What you return should be the lines from the one with "602 Rhonda Lane, Ocean Springs, MS 39564" through the one with "Candeeiro pintado á mão" in the data below, reproduced exactly with both ends, and no pictures at all.

DATA TO PROCESS →
# # # #
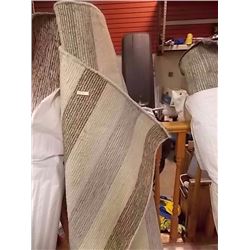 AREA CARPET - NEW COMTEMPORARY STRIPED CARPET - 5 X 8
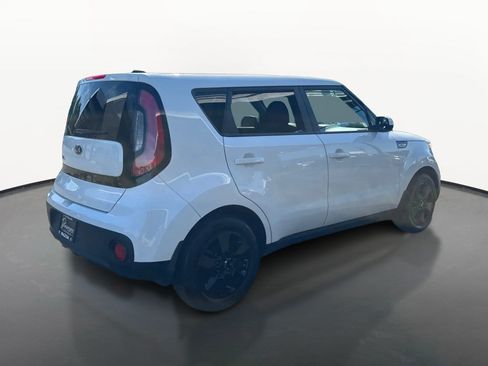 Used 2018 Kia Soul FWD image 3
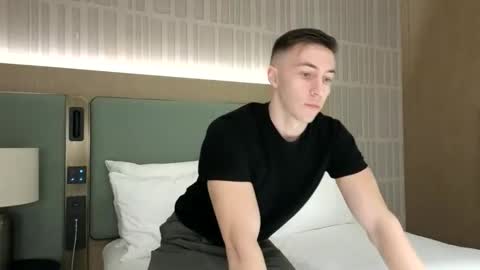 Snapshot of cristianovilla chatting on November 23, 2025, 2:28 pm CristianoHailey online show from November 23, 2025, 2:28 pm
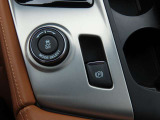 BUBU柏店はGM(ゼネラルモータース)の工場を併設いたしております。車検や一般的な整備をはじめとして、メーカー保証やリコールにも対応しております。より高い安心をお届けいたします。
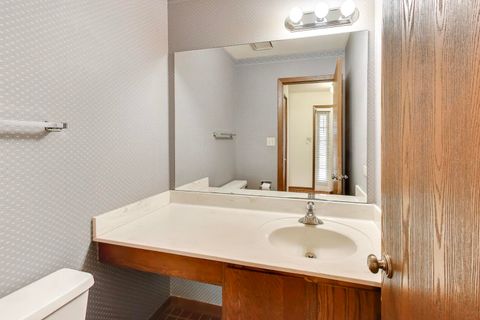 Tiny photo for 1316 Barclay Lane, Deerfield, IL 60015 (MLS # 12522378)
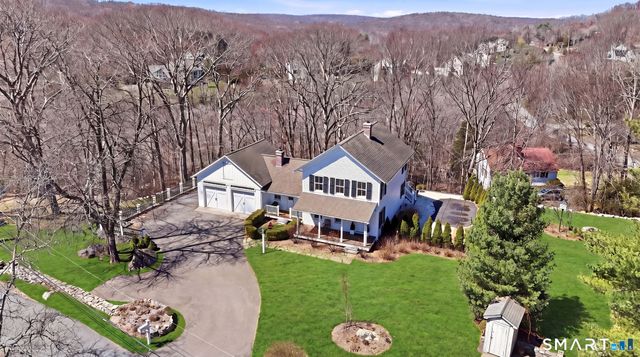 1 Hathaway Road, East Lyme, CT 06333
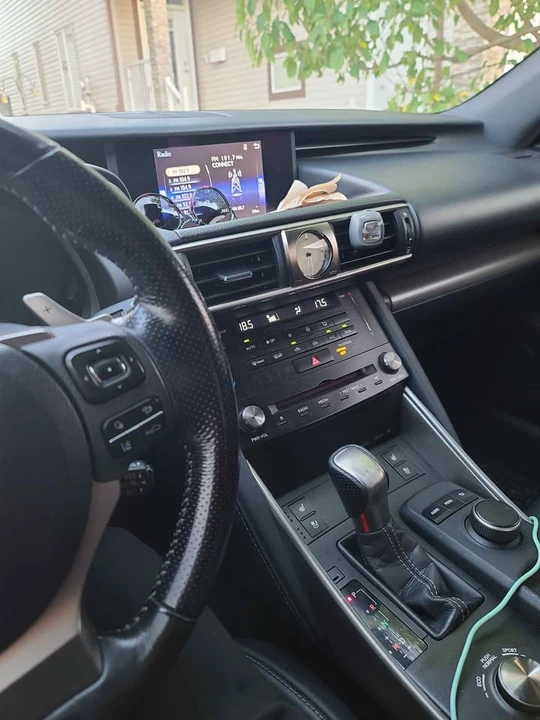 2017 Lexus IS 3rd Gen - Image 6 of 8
# # # #
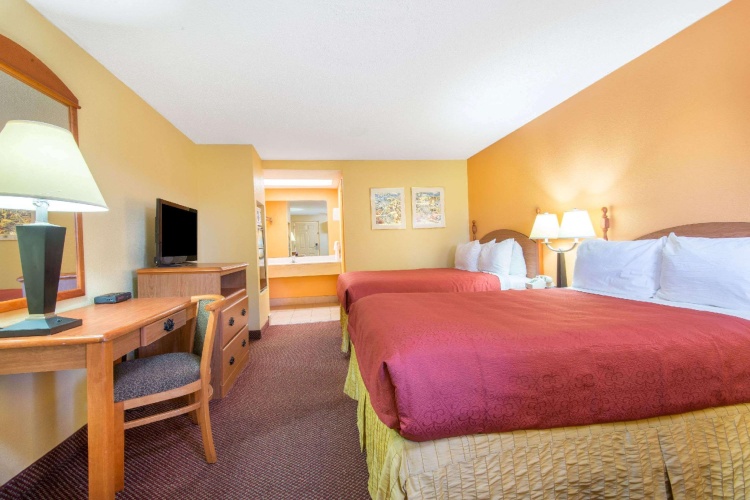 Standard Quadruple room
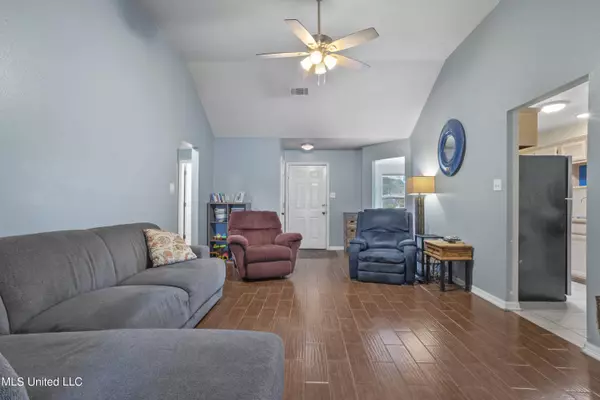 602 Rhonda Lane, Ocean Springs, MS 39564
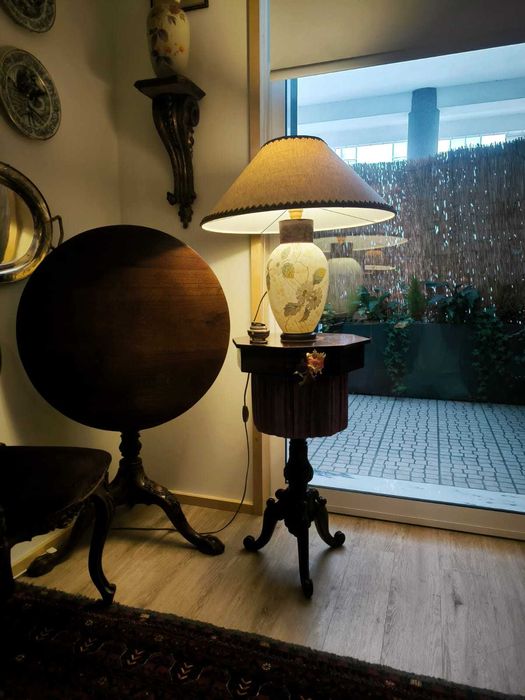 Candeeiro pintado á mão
# # # #
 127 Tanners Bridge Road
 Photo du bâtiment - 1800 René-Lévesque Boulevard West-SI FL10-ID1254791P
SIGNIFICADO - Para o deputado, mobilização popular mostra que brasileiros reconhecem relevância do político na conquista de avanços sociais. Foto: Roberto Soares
# # # #
RESULT OF THE EXERCISE →
 602 Rhonda Lane, Ocean Springs, MS 39564
 Candeeiro pintado á mão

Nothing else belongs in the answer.